Die Herausforderung bei einem solchen Ansatz ist, dass gemessen an
Energieverbrauch und wahrnehmbarer Leistung längst nicht jede Arbeitsaufgabe
von höheren Takten profitiert. Ein simples Beispiel dafür wäre ein
Videospiel, dessen Bildwiederholrate spielseitig auf 60 Frames Pro Sekunde
begrenzt ist. Gesetzt den Fall, die APU könnte theoretisch die nötige
Leistung bereitstellen, um 120 FPS zu liefern, so würde sie dafür nur unnütz
Energie verbrennen. Denn mehr als 60 FPS werden durch das Spiel nicht am
Bildschirm angezeigt, jeder zweite Frame würde sich in (warme) Luft
auflösen.
Festzustellen, ob eine Aufgabe von mehr Takt profitiert oder nicht, ist
der Zweck des Intelligent Boost.

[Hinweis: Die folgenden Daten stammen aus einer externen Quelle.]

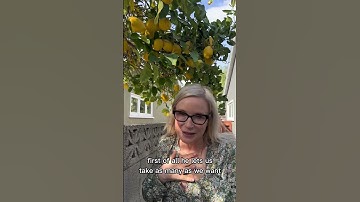 Decluttering Fun! || Tracy McCubbin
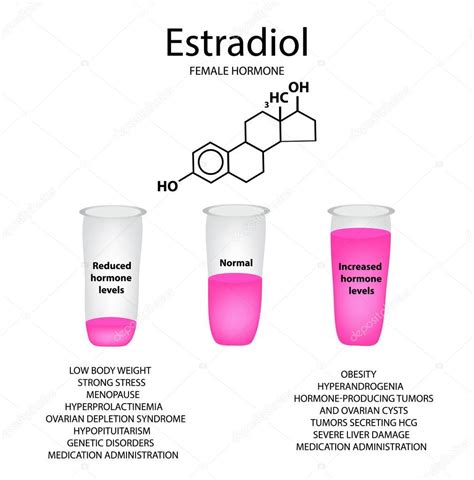 Fórmula Molecular Química De La Hormona Estradiol Hormona Sexual Femenina Disminución Y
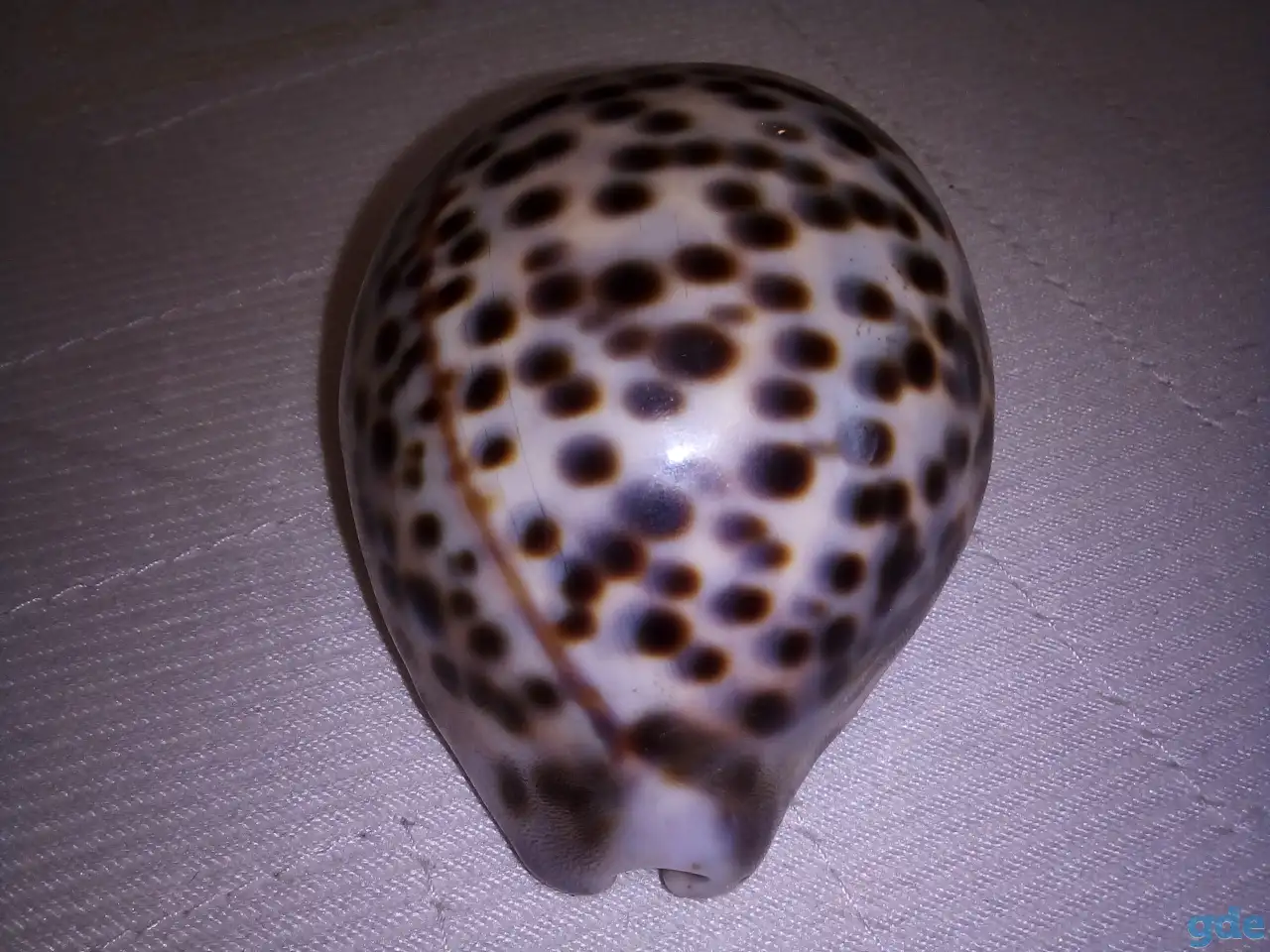 Морские раковины, фотография 7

Dieser Mikrocontroller wertet in Echtzeit
das Verhalten von Anwendungen in Abhängigkeit von bereitgestellten Taktraten
aus. Stellt der Intelligent Boost Controller fest, dass eine Aufgabe nicht
von höheren Taktraten profitiert, so wendet er den Turbo-Takt nicht an. So
schließt sich dann der Kreis zu STAPM, denn weniger oder kein Turbo bedeutet
weniger Wärmeentwicklung und damit ein kühleres Gerät.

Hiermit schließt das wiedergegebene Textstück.